**Description of the task**
Begin at the line containing "www.danabauer.com" in the records below, end at the line containing "Photo taken at", and retype each line in that span exactly. No other line and no image should appear.

**Available records**
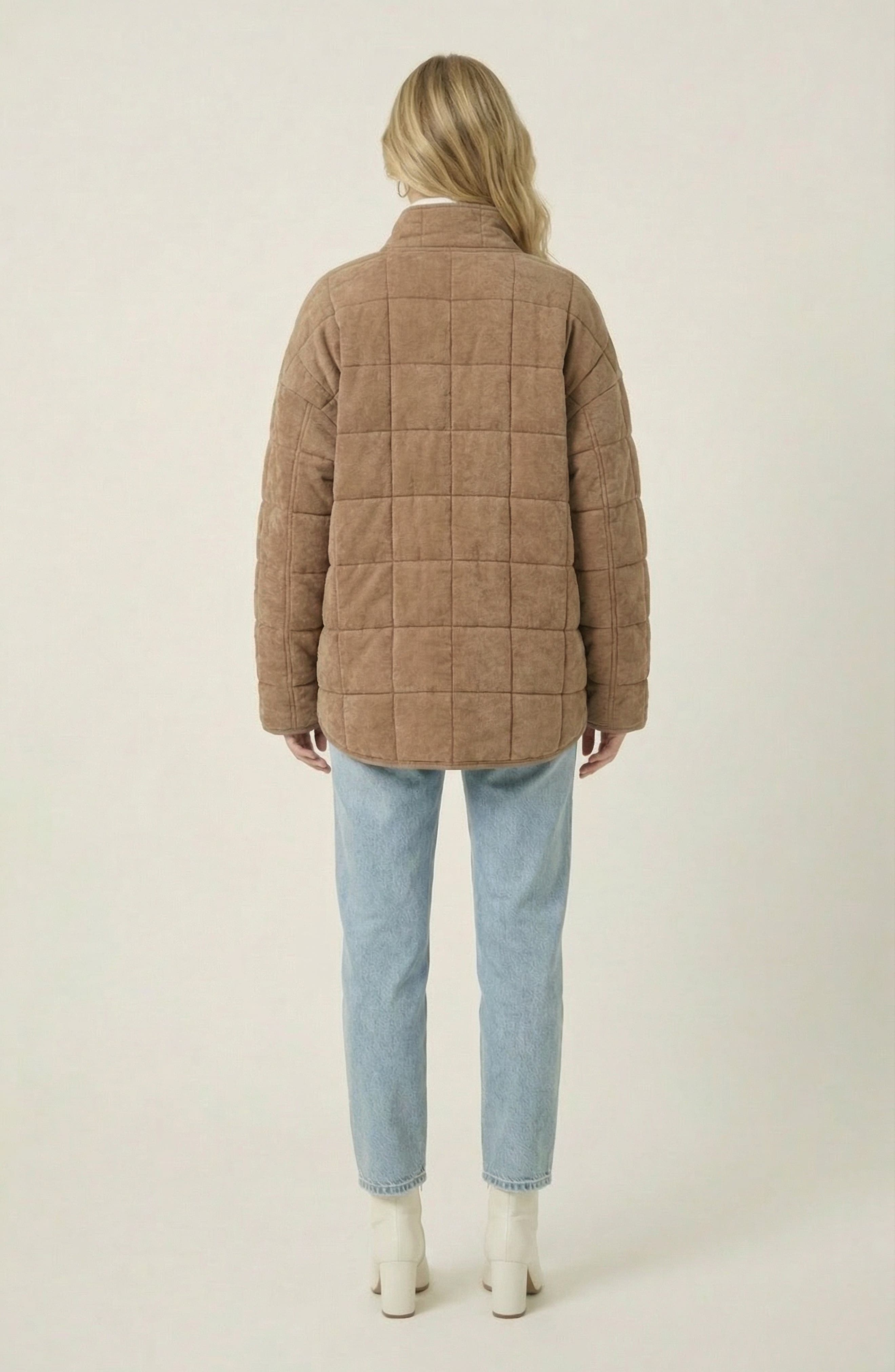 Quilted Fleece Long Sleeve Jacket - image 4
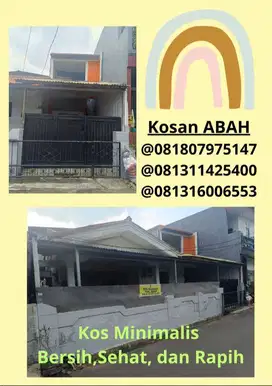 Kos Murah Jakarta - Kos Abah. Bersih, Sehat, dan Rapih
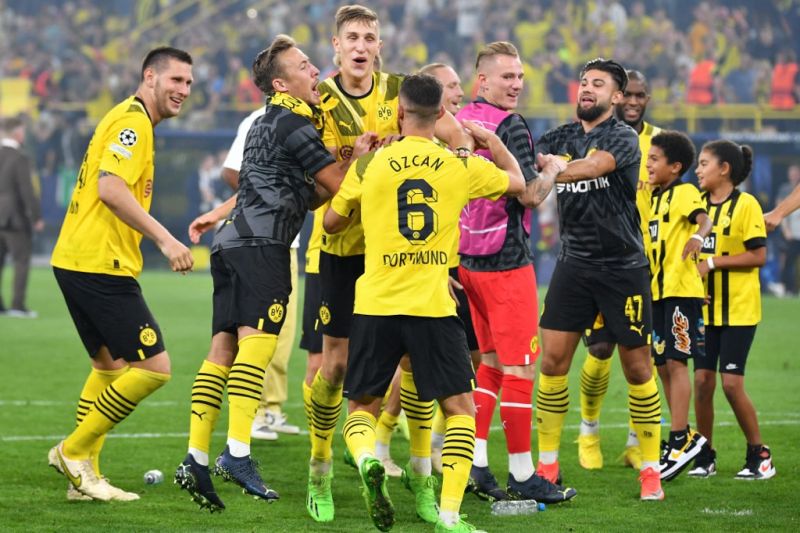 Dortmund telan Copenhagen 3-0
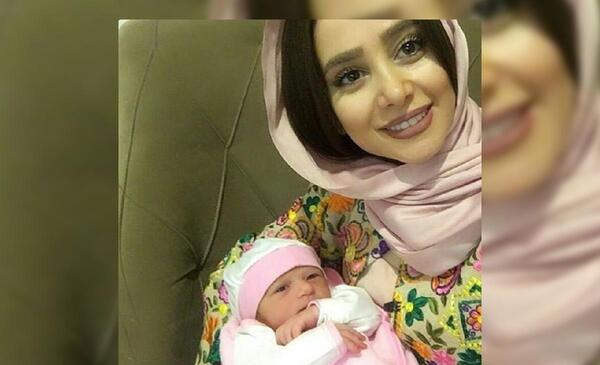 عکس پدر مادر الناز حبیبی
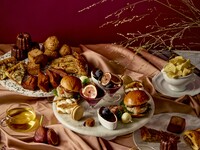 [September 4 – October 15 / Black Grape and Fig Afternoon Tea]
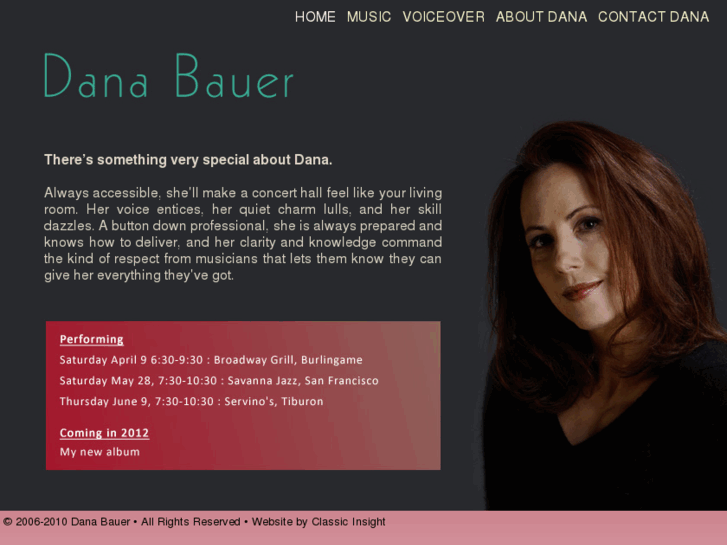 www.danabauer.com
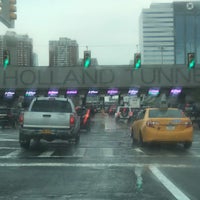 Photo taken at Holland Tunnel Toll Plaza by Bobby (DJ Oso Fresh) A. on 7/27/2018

==

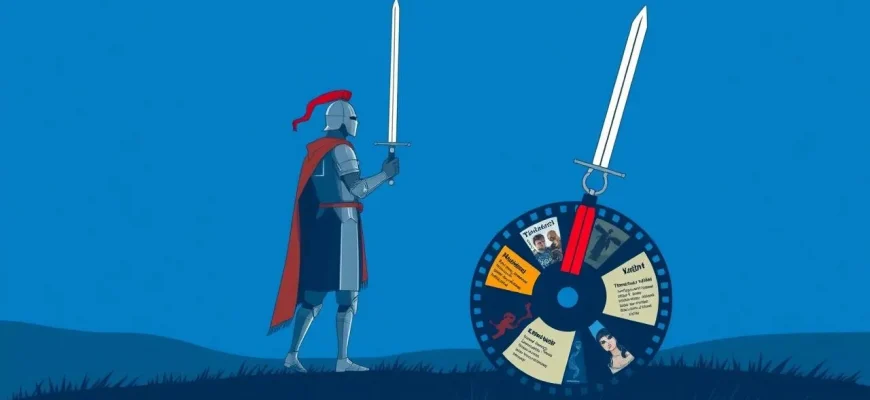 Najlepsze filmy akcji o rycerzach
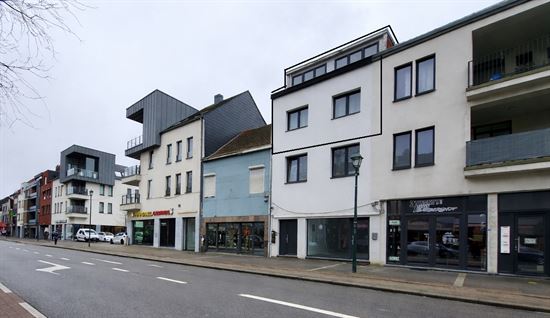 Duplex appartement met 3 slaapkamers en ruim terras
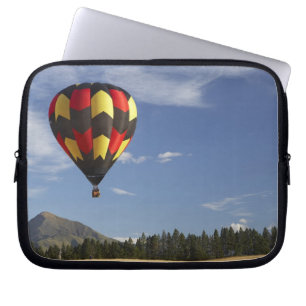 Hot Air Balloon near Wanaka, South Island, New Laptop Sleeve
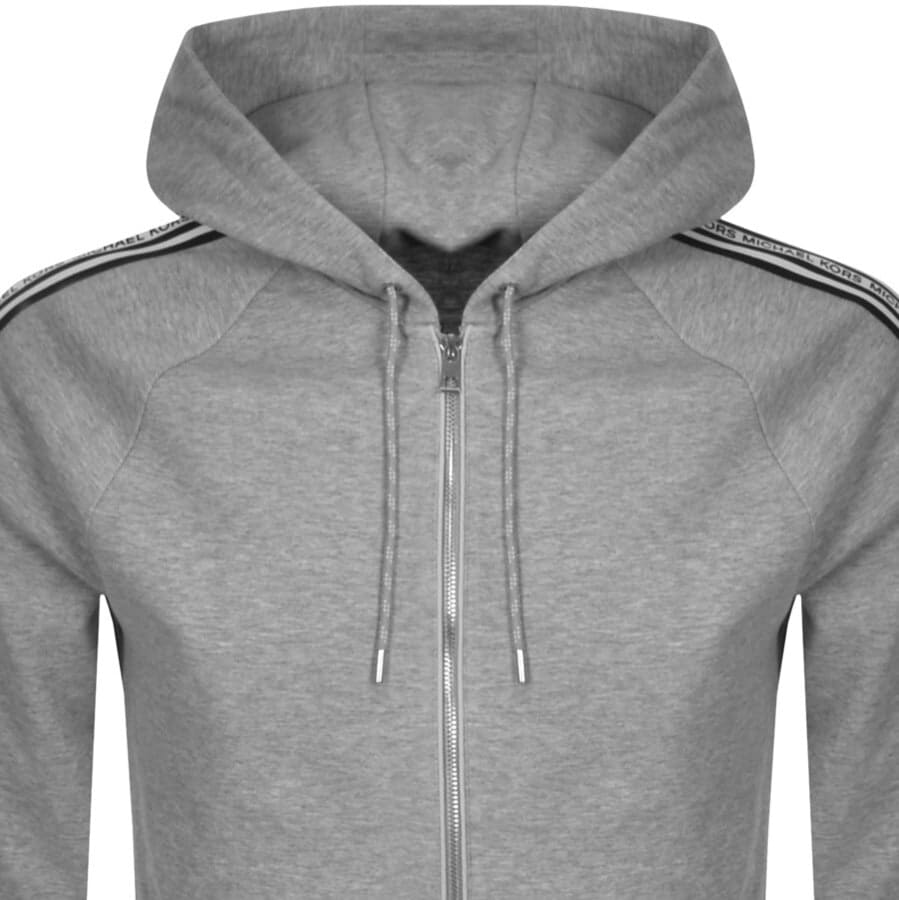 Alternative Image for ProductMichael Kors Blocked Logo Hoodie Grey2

==

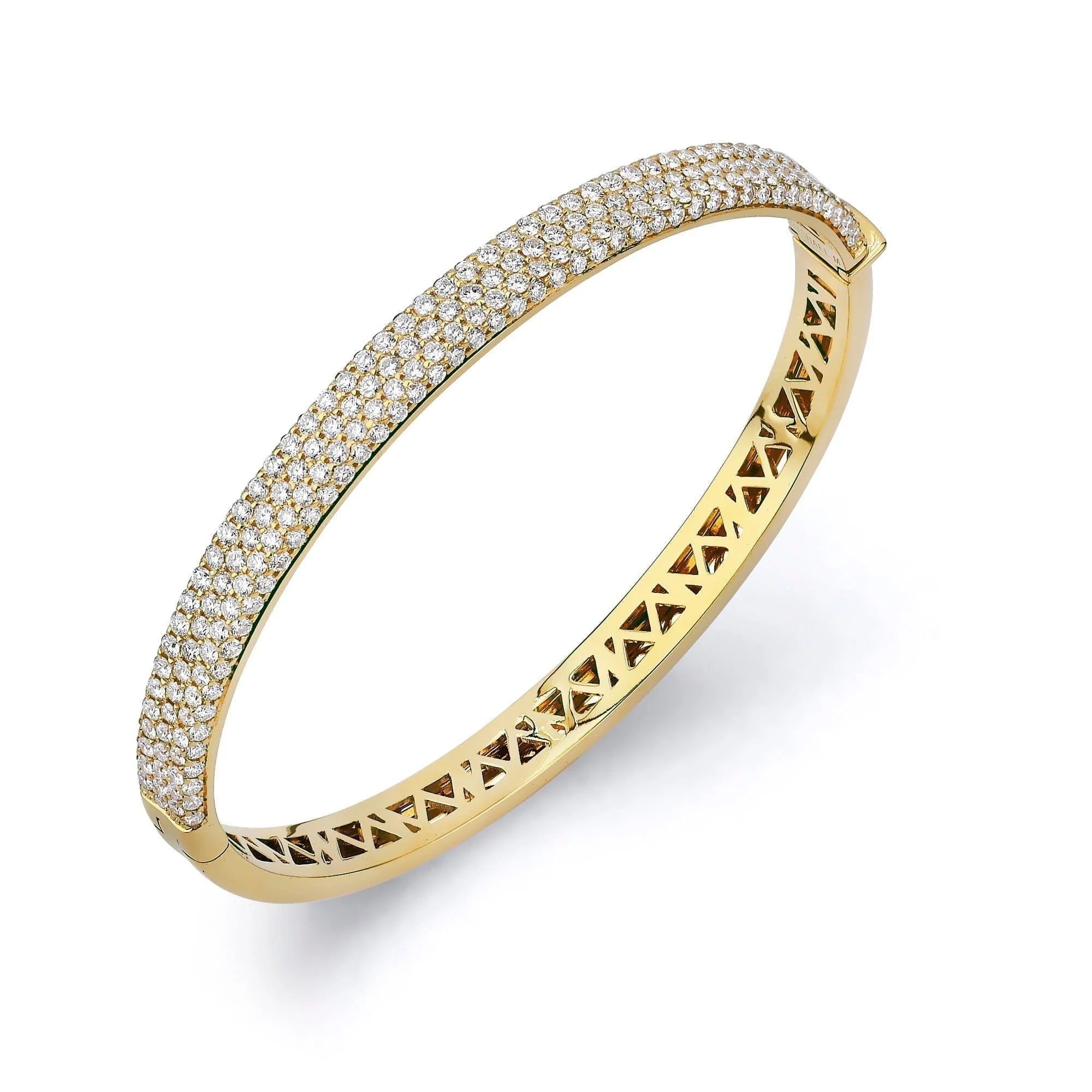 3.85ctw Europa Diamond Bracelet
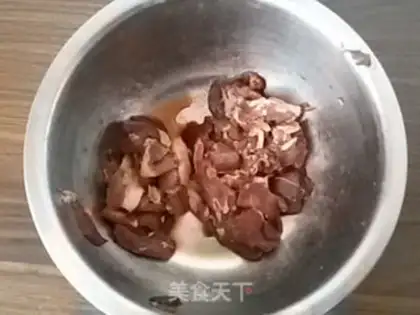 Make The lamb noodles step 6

**Solution to this problem**
 www.danabauer.com
 Photo taken at Holland Tunnel Toll Plaza by Bobby (DJ Oso Fresh) A. on 7/27/2018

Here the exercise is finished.